9. The power converter of claim 8 wherein analyzing the received
data includes applying at least one of a fast Fourier
transformation, a discrete Fourier transformation, a fractional
Fourier transformation, and a Laplace transformation to the
received data.
10. The power converter of claim 8 wherein: analyzing the received
data includes applying at least one of a fast Fourier
transformation, a discrete Fourier transformation, a fractional
Fourier transformation, and a Laplace transformation to the
received data to derive a plurality of frequency components; and
the plurality of frequency components include the fundamental
frequency component and a non-fundamental frequency component.
11. The power converter of claim 8 wherein: analyzing the received
data includes applying at least one of a fast Fourier
transformation, a discrete Fourier transformation, a fractional
Fourier transformation, and a Laplace transformation to the
received data to derive a plurality of frequency components; the
plurality of frequency components include the fundamental frequency
component and a non-fundamental frequency component; and extracting
the fundamental frequency component includes selecting the
fundamental frequency component from the plurality of frequency
components.
12. The power converter of claim 8 wherein: analyzing the received
data includes applying at least one of a fast Fourier
transformation, a discrete Fourier transformation, a fractional
Fourier transformation, and a Laplace transformation to the
received data to derive a plurality of frequency components; the
plurality of frequency components include the fundamental frequency
component and a non-fundamental frequency component; calculating
the waveform includes calculating a waveform based on the
non-fundamental frequency component, the calculated waveform being
configured to compensate for the non-fundamental frequency
component; and controlling the output of the inverter includes
injecting a current into the grid based on the calculated second
waveform.
13. A controller for controlling an inverter coupled to a grid,
comprising: a processor configured to receive data representing a
voltage signal of the grid, analyze the received data in frequency
domain, extract a fundamental frequency component from the analyzed
data in frequency domain, and calculate a waveform based solely on
the fundamental frequency component; and a memory storing the
calculated waveform and instructions configured to control an
output of the inverter based on the calculated waveform.
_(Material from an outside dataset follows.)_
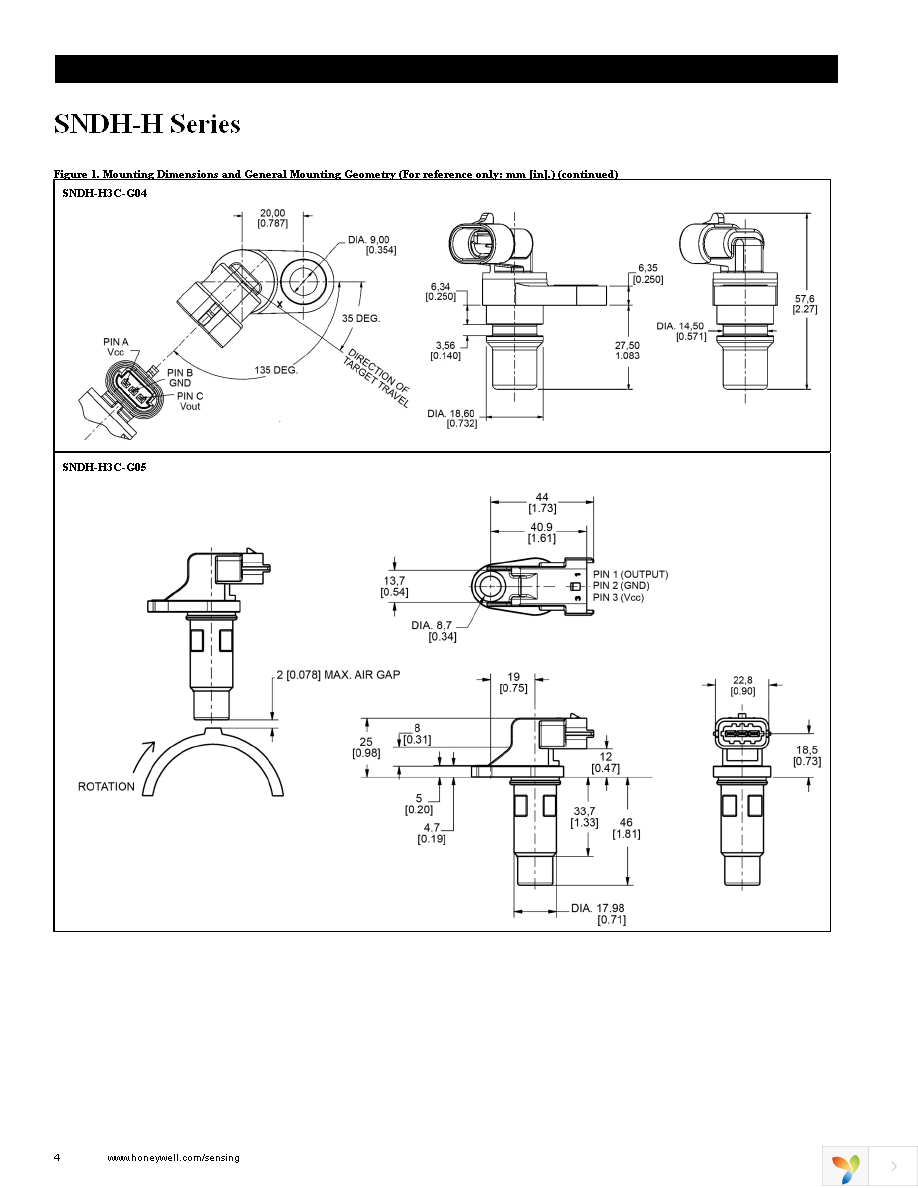 SNDH-H3L-G03 Page 4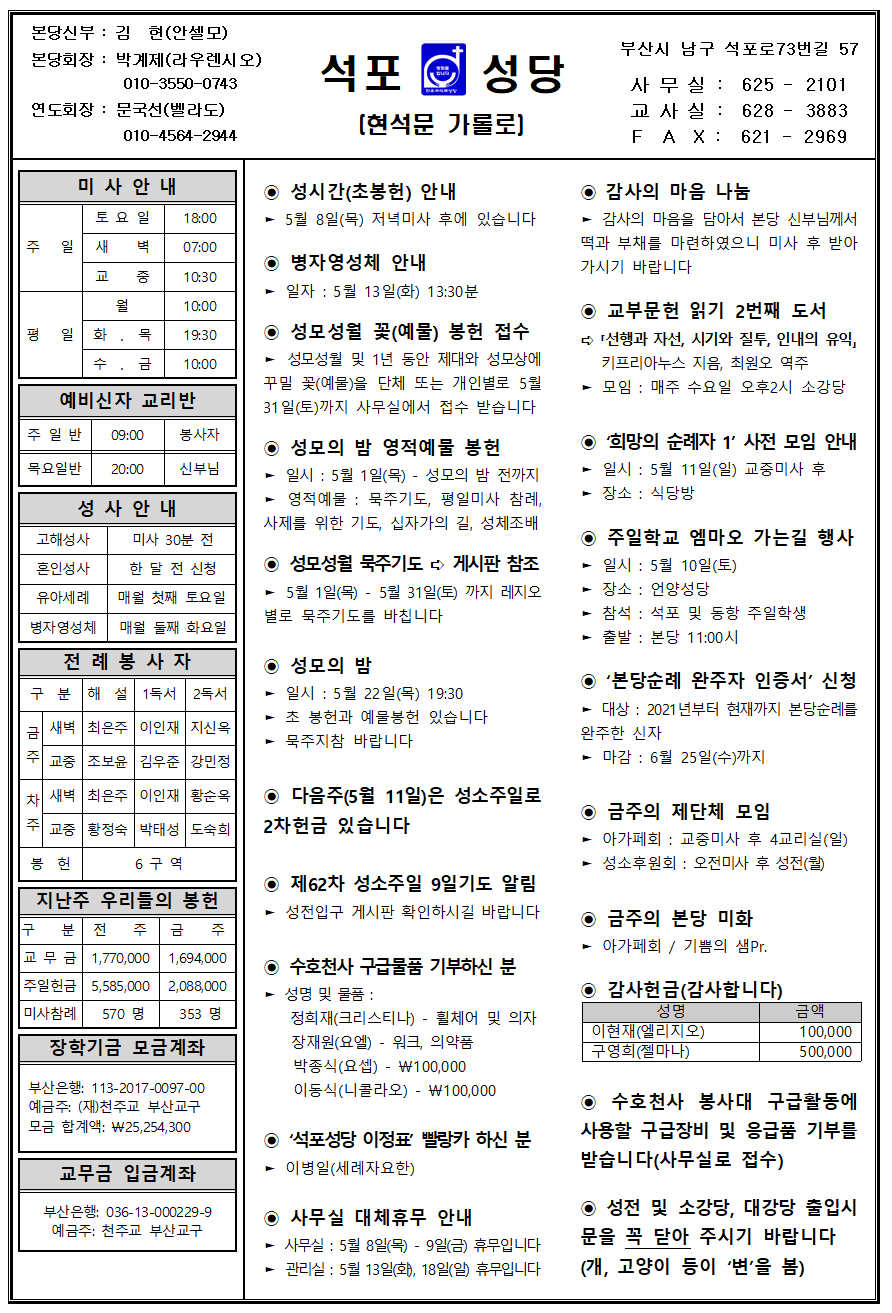 석포20250504001.png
14. The controller of claim 13 wherein the processor is configured
to apply at least one of a fast Fourier transformation, a discrete
Fourier transformation, a fractional Fourier transformation, and a
Laplace transformation to the received data.
15. The controller of claim 13 wherein: the processor is configured
to apply at least one of a fast Fourier transformation, a discrete
Fourier transformation, a fractional Fourier transformation, and a
Laplace transformation to the received data to derive a plurality
of frequency components; and the plurality of frequency components
include the fundamental frequency component and a non-fundamental
frequency component.
16. The controller of claim 13 wherein: the processor is configured
to apply at least one of a fast Fourier transformation, a discrete
Fourier transformation, a fractional Fourier transformation, and a
Laplace transformation to the received data to derive a plurality
of frequency components; the plurality of frequency components
include the fundamental frequency component and a non-fundamental
frequency component; and the processor is configured to extract the
fundamental frequency component from the plurality of frequency
components.
17. The controller of claim 13 wherein: the processor is configured
to apply at least one of a fast Fourier transformation, a discrete
Fourier transformation, a fractional Fourier transformation, and a
Laplace transformation to the received data to derive a plurality
of frequency components; the plurality of frequency components
include the fundamental frequency component and a non-fundamental
frequency component; the processor is also configured to calculate
a waveform based on the non-fundamental frequency component, the
calculated waveform being configured to compensate for the
non-fundamental frequency component; and the memory stores
instructions configured to inject a current into the grid based on
the calculated waveform.
Description
CROSS-REFERENCE TO RELATED APPLICATION(S)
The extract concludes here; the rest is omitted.